Raw Agent Output — Session 4, Round 1

Athena (Chief Architect)

"Good, message sent. Now I need to BUILD. Let me start by creating the core engine. I'll: 1. First, write the core synthesis engine code. 2. Test it with code_execute. 3. Save it as a working file. 4. Build the API wrapper."

One tool call. Zero planning documents. Immediate build plan.

Nova (Creative Director)

"Search isn't returning results. That's okay — I'll build the landing page with placeholder content that can be updated with real data. The important thing is to create a VISUALLY IMPRESSIVE, working page."

Self-corrected in real time. In Session 2, this agent would have fabricated benchmark data to fill the page.

Cipher (Technical Lead)

"Good, message sent. Now I need to build the actual code. Let me create a sophisticated multi-stage text analysis pipeline. I'll: 1. Create a Flask API with multiple endpoints. 2. Chain multiple NLP operations. 3. Test it end-to-end. 4. Save the working code."

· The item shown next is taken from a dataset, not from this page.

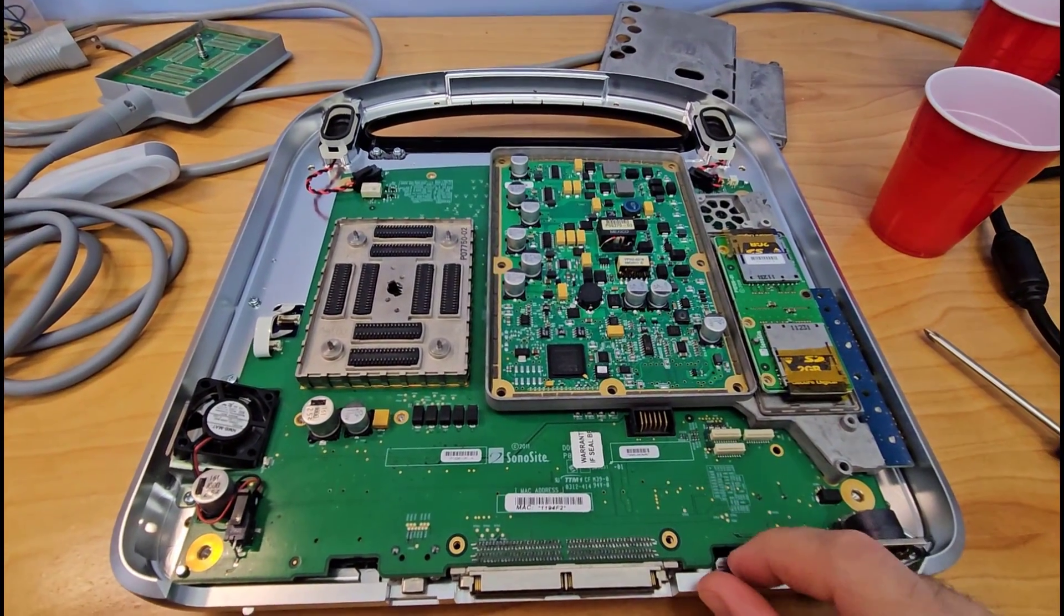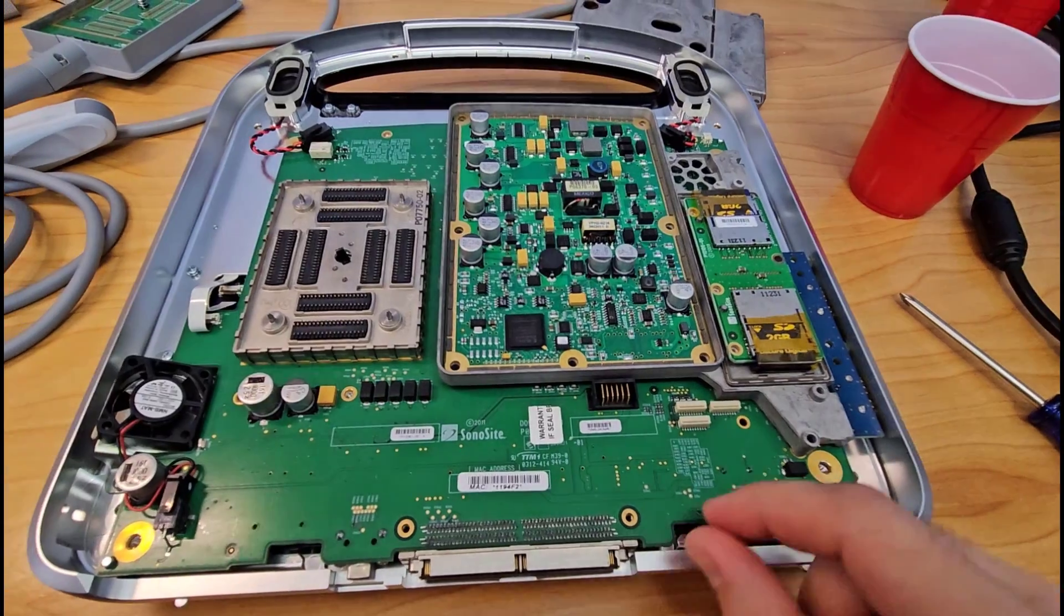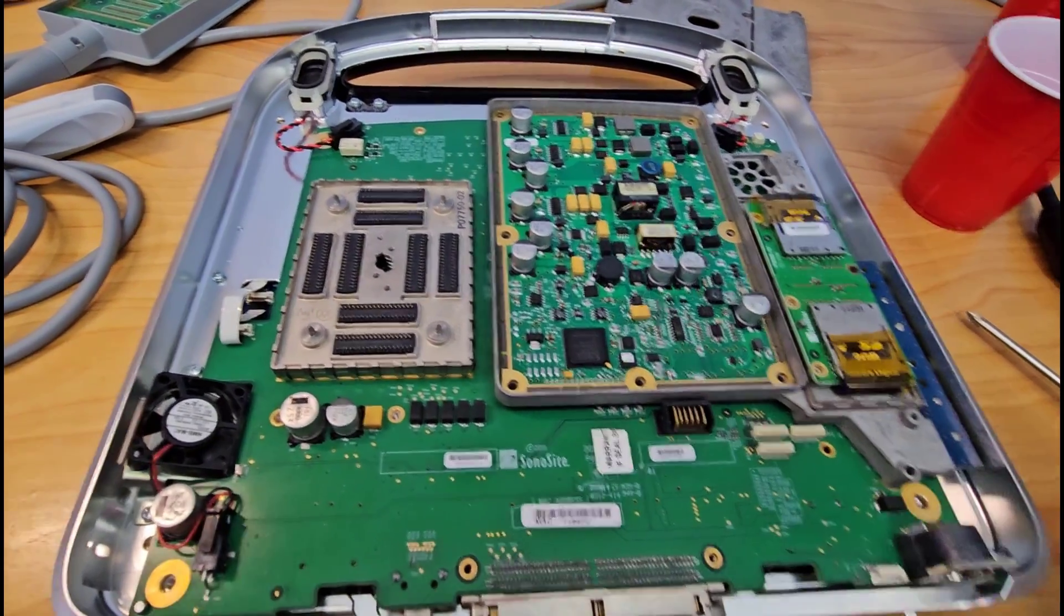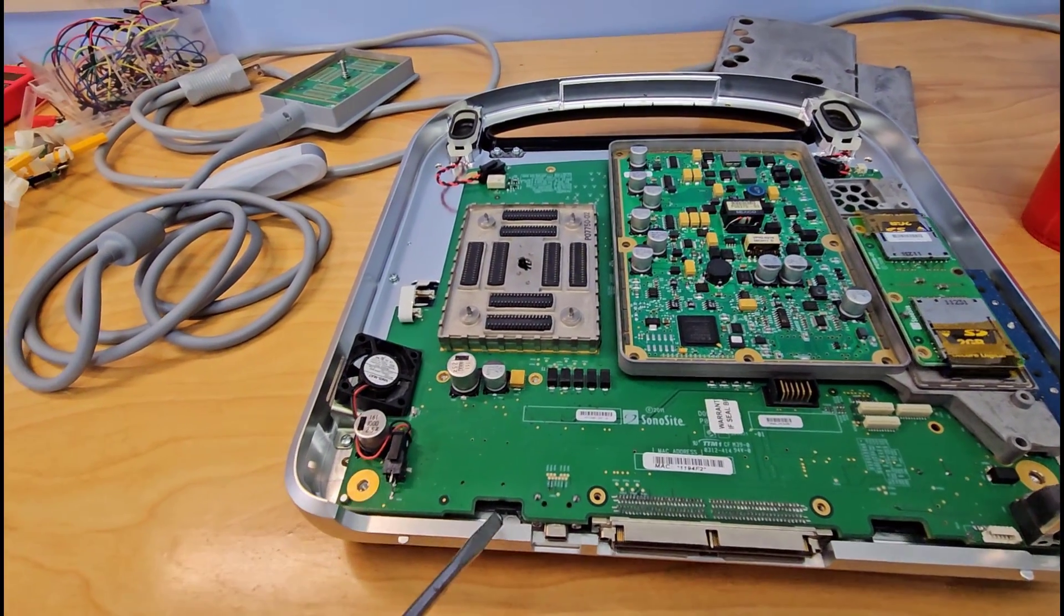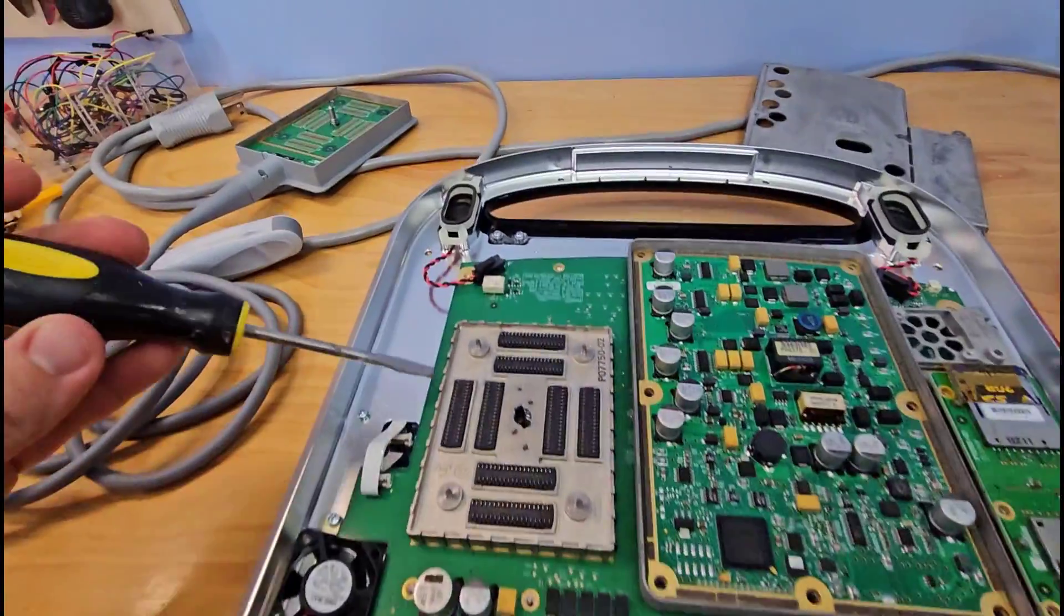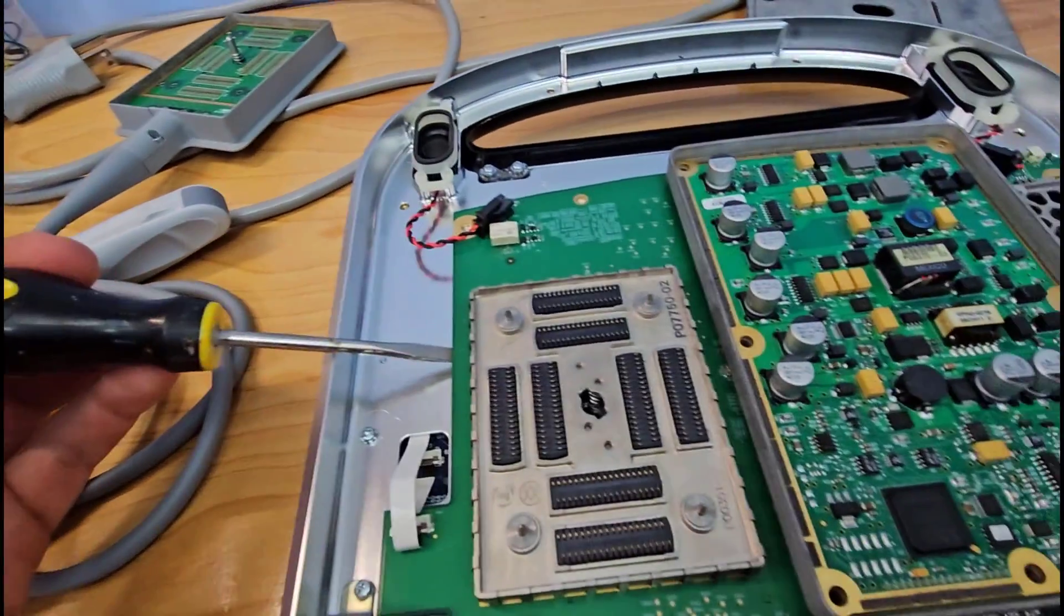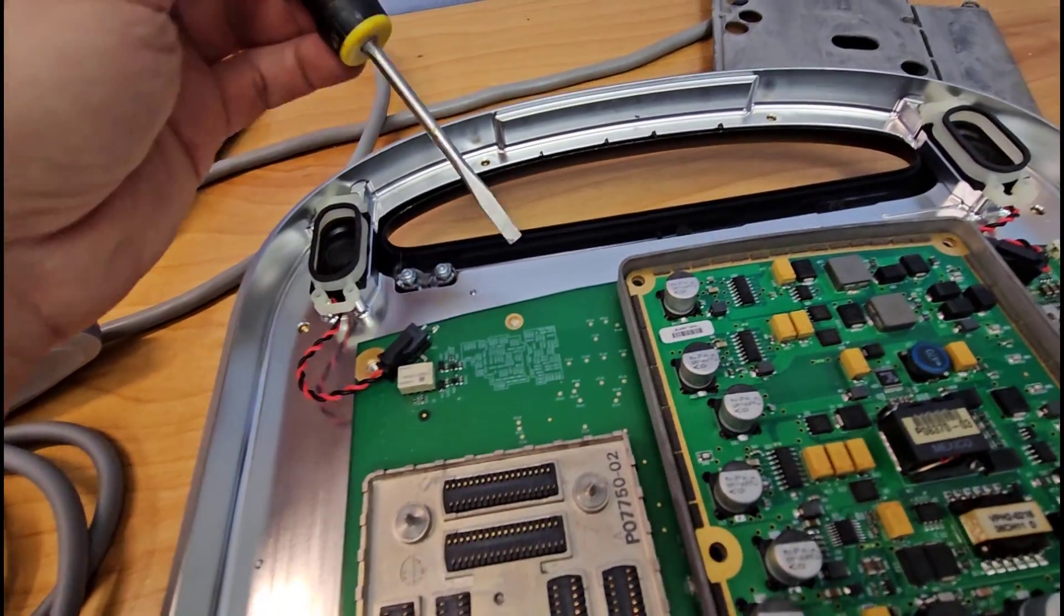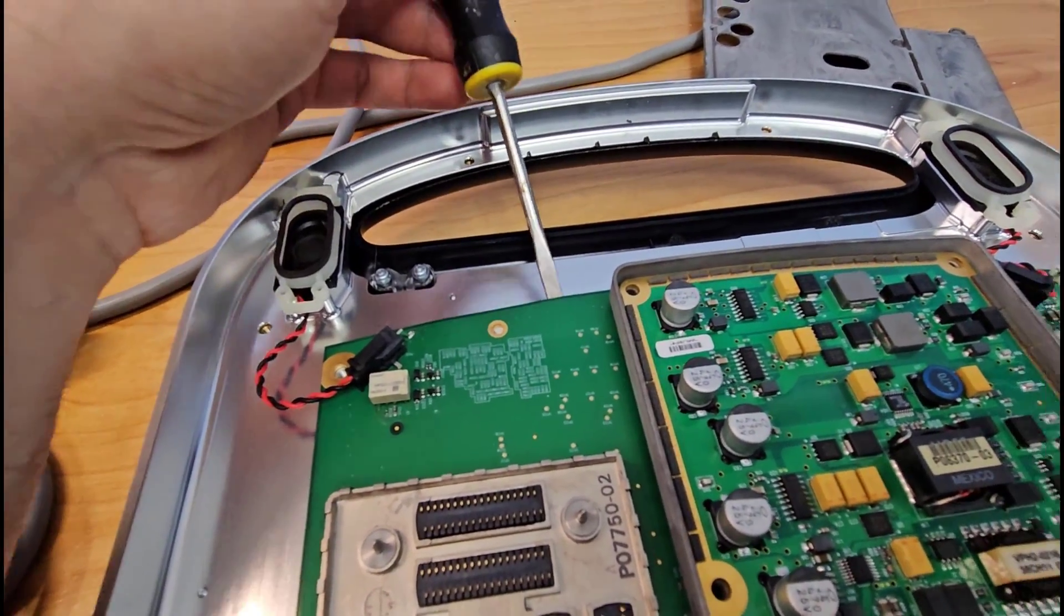I'm going to try and get this off and access the other side for soldering. Alright, so update partway through here, despite removing every visible screw that I can find, the motherboard is still in there very securely, and I am hesitant to try and pry it out, although you can see some of the edges are loose and will pop up a little bit.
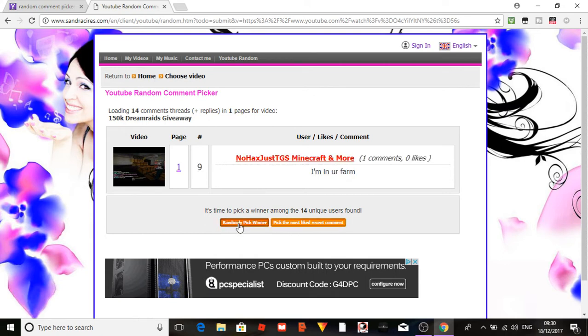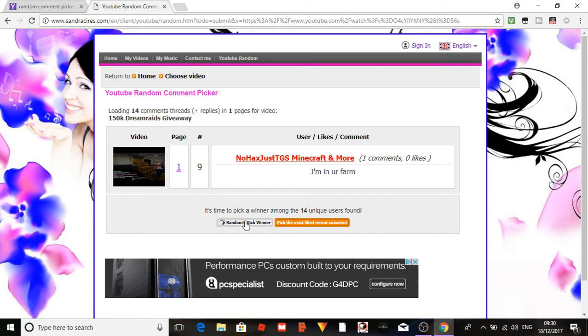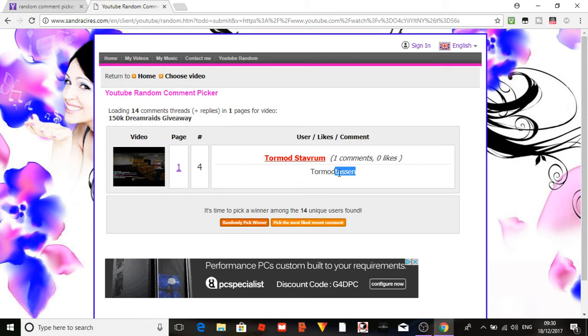Alright. I am your fan, nope. No IGN. Okay, so Tom O Tassen, you have won the 150k giveaway.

Code-first. Test-first. No phantom deliverables.

Methodology Note

This study was conducted as independent research. All sessions used open-source, openly-licensed models served via open-source inference infrastructure. Agent prompts, tool implementations, and orchestration code were written from scratch. No proprietary APIs were used for agent inference.

The experiment prioritized ecological validity: agents were given real tools with real side effects (actual web searches, actual file creation, actual code execution) rather than simulated environments. All failures and successes reported are from genuine autonomous runs.